I want to know in the timeline of mathematics , considering what was considered as far as had been discovered at that time , where I place ?

For example, if you can calculate a derivative from first principles youu are at the same point Newton was when he discovered calculus.

Am I still at that point in time ? I assume so. So I have the same knowledge that the best mathematicians of the 17th century had !

Errr can you differentiate sin() from first principles?

Errr can you differentiate sin() from first principles?

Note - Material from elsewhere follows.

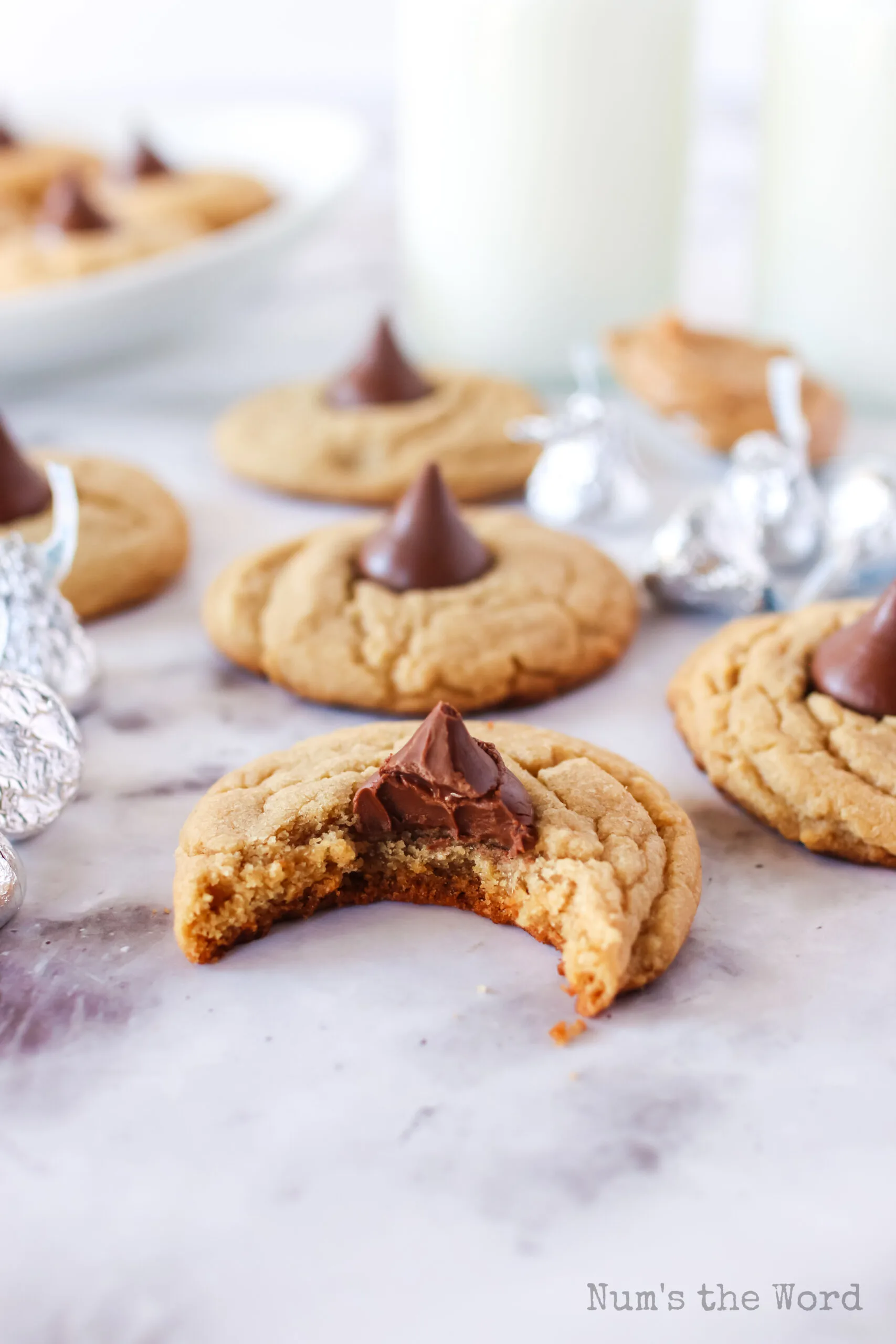 a bite removed from a cookie with others laid out on counter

Sure you can, using identity for $\sin(A+B) = \sin A \cos B + \cos A \sin B$:

$\frac {\delta(\sin x)}{\delta x} = \frac {\sin(x+\delta x)-\sin x}{\delta x} = \frac {\sin x \cos(\delta x)+\cos x \sin(\delta x)-\sin x }{\delta x}.$

Then, let $\delta x\to 0$ so $\sin (\delta x)\to \delta x$ and $\cos (\delta x)\to 1$ and so:

$\lim_{\delta x \to 0} \frac {\delta(\sin x)}{\delta x} = \frac {d(\sin x)}{dx} = \cos x.$

It appears the answer is no.

Care to elaborate?

Care to elaborate?

$\sin \delta x \to \delta x$ isn't a meaningfull statement when talking about limits. You can't pick and choose which bits of the limit you move outside. If I give you the benefit of the doubt about $\sin \delta x \to \delta x$, it's still a result claimed without proof. Same for $\cos \delta x \to 1$. In addition, $\cos \delta x \to 1$ isn't enough to deduce the result you want.

Edit: FWIW, it's a little less obvious but if you use the trig sum<->product formulas you can show $\sin(x+\delta) - \sin(x) = 2 \sin(\delta/2) \cos(x+\delta/2)$, which reduces the "limit type" results you need to just $\displaystyle \lim_{\delta \to 0} \frac{\sin \delta}{\delta} = 1$.

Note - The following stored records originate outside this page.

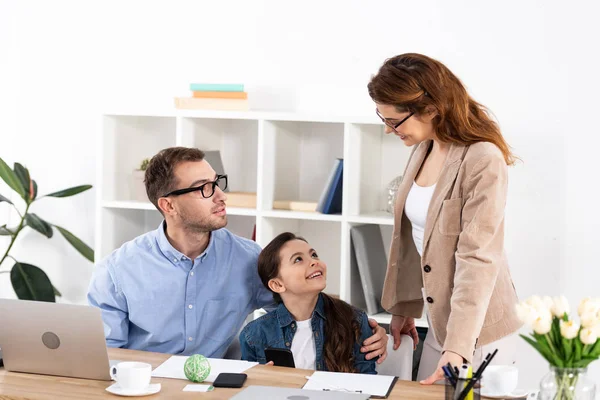 Cheerful kid sitting with father and looking at mother in glasses — Stock Photo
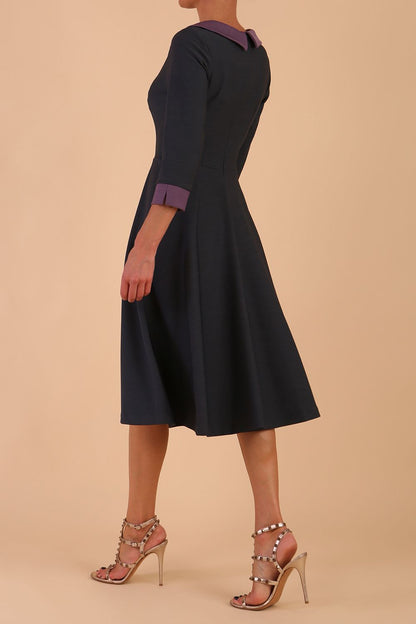 Model wearing Diva catwalk Coralia swing dress in slate grey/ lilac with three quarter sleeve figure fitted front image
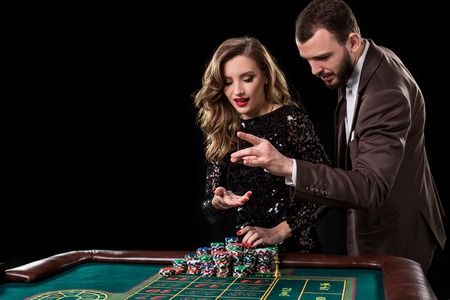 Man and woman playing at roulette table in casinoの写真素材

$\sin \delta x \to \delta x$ isn't a meaningfull statement when talking about limits. You can't pick and choose which bits of the limit you move outside. If I give you the benefit of the doubt about $\sin \delta x \to \delta x$, it's still a result claimed without proof. Same for $\cos \delta x \to 1$. In addition, $\cos \delta x \to 1$ isn't enough to deduce the result you want.

Edit: FWIW, it's a little less obvious but if you use the trig sum<->product formulas you can show $\sin(x+\delta) - \sin(x) = 2 \sin(\delta/2) \cos(x+\delta/2)$, which reduces the "limit type" results you need to just $\displaystyle \lim_{\delta \to 0} \frac{\sin \delta}{\delta} = 1$.

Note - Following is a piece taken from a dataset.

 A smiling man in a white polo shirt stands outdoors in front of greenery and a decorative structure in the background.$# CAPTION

Clearly, those limiting behaviours only apply as $\delta x \to 0$. A proof for either result can be obtained without resort to calculus.

More elegant, no doubt, but the gain in rigour comes at loss of clarity.

I'm not nitpicking about whether you explicitly say "as $\delta x \to 0$"; it's clear enough from context. But my question is: what is $\sin \delta x \to \delta x$ even supposed to mean? If you mean $\displaystyle \lim_{\delta x \to 0} \frac{\sin \delta x}{\delta x} = 1$, you should say so (and if you don't then I really don't know what you mean).

More fundamentally, you can't (always) look at a limiting expression and say "I'll take the limits for those bits out of the limit, but I'll leave some other bits in".

Not much point in a "proof" that's clear but wrong. Rearranging to avoid the need of results on how quickly $\cos \delta x \to 1$ is worth it, IMNSHO.

Yes, that's what I mean. As you say, it couldn't really mean anything else.



Fair point. In this case, it is OK to do though.